The reforms initiated by Sir Roger Douglas in 1984 gave New Zealand businesspeople a wonderful opportunity to take a leadership role in the economy and create wide-spread wealth. They have not grasped this opportunity, and the performance of many of the country’s largest companies has been extremely disappointing. A major reason for this is the ownership structure of New Zealand companies.

Business theorists believe that the best form of steward-ship is when an organisation has long-term shareholders whose interests are fully aligned with those of the corporation.

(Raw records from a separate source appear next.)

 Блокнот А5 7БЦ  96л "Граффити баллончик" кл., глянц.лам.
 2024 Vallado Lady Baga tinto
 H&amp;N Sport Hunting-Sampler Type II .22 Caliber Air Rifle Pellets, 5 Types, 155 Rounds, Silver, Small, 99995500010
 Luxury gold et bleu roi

Unfortunately, the New Zealand sharemarket has been characterised by controlling shareholders focussed on the short term, who have put their own interests ahead of the listed entity.

In the 1980s a large number of investment companies, including Brierley Investments, Chase Corporation and Equiticorp Holdings, bought controlling stakes in icon New Zealand companies and in effect ran these organisations. These investment companies had neither the industry nor the management skills to fulfil this role, and the acquired companies were usually managed with the view to being onsold at a higher price. As the icon companies were flicked back and forth amongst investment groups, they never had an opportunity to develop long-term business strategies that would allow them to grow and prosper.

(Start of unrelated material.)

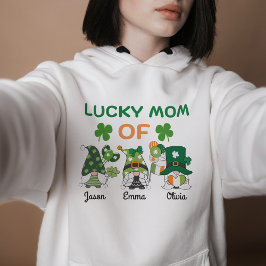 Pull À Capuche Lucky Maman
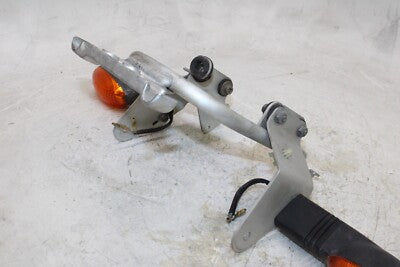 2005 DUCATI MONSTER 620 OEM FRONT LEFT RIGHT TURN SIGNALS LIGHT W BRACKET MOUNT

The 1987 sharemarket crash proved that this business model was hopelessly flawed. After the crash, the Labour Government promised to introduce a Takeovers Code. This Code would bring a sense of order to the sharemarket and ensure that an investor could not achieve effective control of a listed company by purchasing a 25 to 35 per cent stake. A Code encourages the long-term, stable ownership of listed companies although it also facilitates the takeover of an organisation that does not perform.

Numerous attempts were made to introduce a Code but it failed to make its way through the political process, mainly because of fierce lobbying by a number of influential organisations. These included the Business Roundtable, the New Zealand Stock Exchange and large investor groups. In the absence of a Code, many large New Zealand companies have been controlled by shareholders with a short-term bias and a strong emphasis on self-interest at the expense of the corporation. By contrast, most developed countries have takeover codes and their successful companies are usually governed by shareholders who have a strong interest in the long-term prosperity of the organisation.

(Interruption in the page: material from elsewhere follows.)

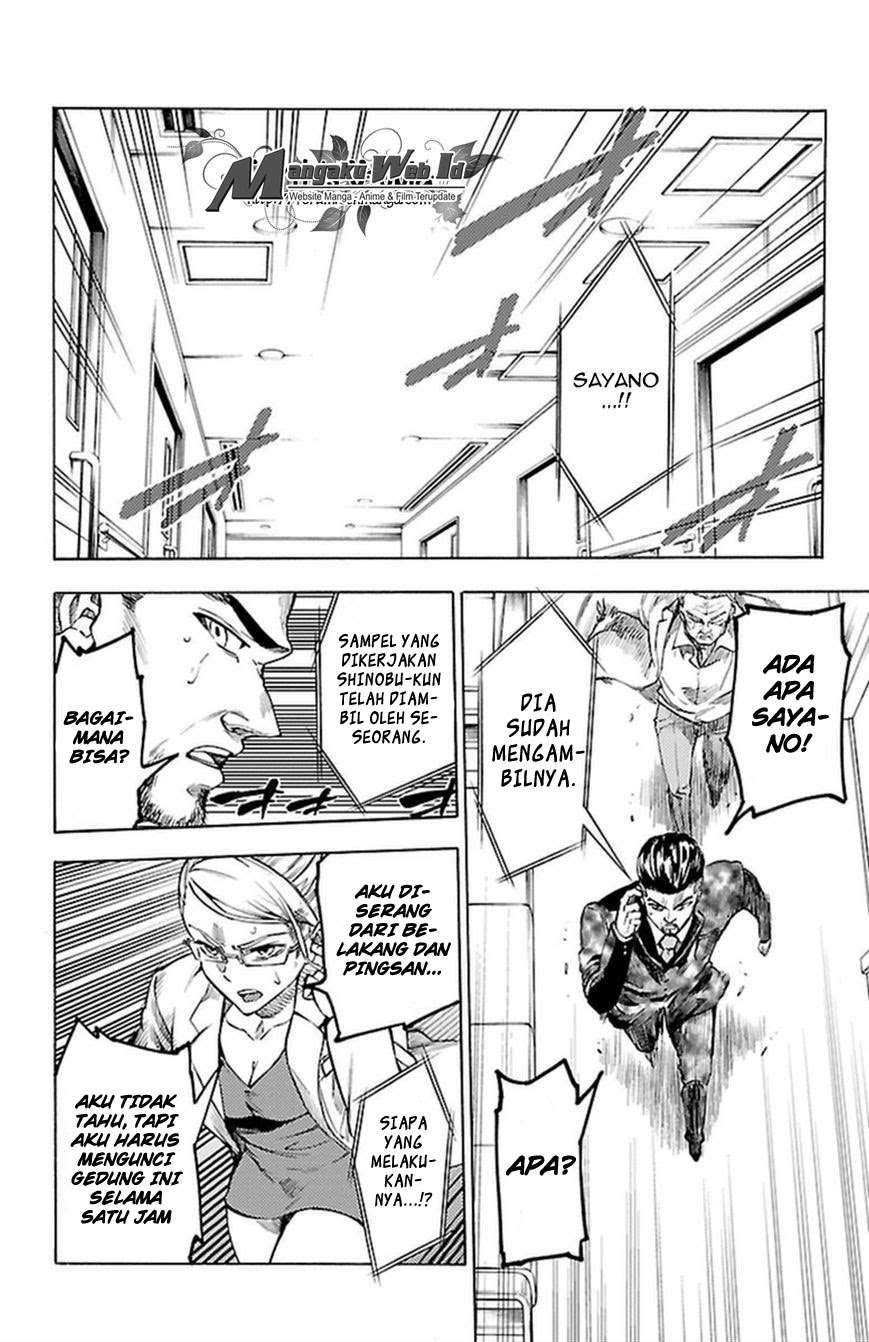 Mahou Shoujo of the End Chapter 26 - halaman 8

A Takeovers Code finally became law in New Zealand on 1 July this year but it was 17 years too late. There is little doubt that the New Zealand business sector, and the national economy, would be in a much stronger position today if the reforms had occurred under a regime that encouraged the long-term, stable ownership of our major companies.


World Famous in New Zealand, which has been written by seven academics from Victoria University of Wellington and Massey University, deals with the issues of ownership and leadership. The authors have highlighted ten successful New Zealand companies: The Criterion Group, Formway Furniture, Gallagher Group, Kiwi Dairies, Montana Wines, Nuplex, PEC, Scott Technology, Svedala Barmac and Tait Electronics. One has no idea why these were chosen because no individual export and profitability statistics have been supplied.

Only three of the companies, Montana Wines, Nuplex and Scott Technologies, have been listed on the Stock Exchange. Sir Angus Tait of Tait Electronics and Bill Gallagher of Gallagher Group have both rejected stock exchange listing because they believe sharemarket investors are too focussed on the short-term. They both agree that the best option is to have long-term share-holders. Shareholders are important, but Bill Gallagher takes a broader view of the corporation. He is quoted as saying:

If you look after your customers and you look after everybody in the line to the customer, then you generate wealth. Money is number three. Satisfaction really, it is fun and exciting, that is number one. Number two is the people thing: the people you work with, the customers, the distributors. And then generally wealth, that’s a scorecard.


Neither this topic nor the issue of ownership is fully developed or analysed in World Famous. This is where the publication fails. The title gives the impression that it may be a cheerleading exercise for New Zealand business, but the preponderance of dense and impenetrable text makes it difficult for the general reader to find much to cheer about.

The World Famous approach, which relies on a series of case studies, is fraught with danger because a successful company at the time of writing may be in trouble shortly after publication. The most obvious example of this was Theory K: The Key to Excellence in New Zealand Management, which was released in a blaze of publicity in 1986. The authors, mainly University of Auckland staff members, picked 50 excellent companies but many of them were bankrupt within a few years. Amongst those chosen for their excellent management were Chase Corporation and Equiticorp Holdings, which became two of the country’s most spectacular corporate collapses.

The New Zealand business sector would greatly benefit from an academic analysis of its performance that is aimed at a general audience. Unfortunately World Famous in New Zealand does not fulfil this role. It is a difficult read because it contains too much technical language and will appeal only to a specialist audience.


Brian Gaynor is an Auckland business consultant and commentator.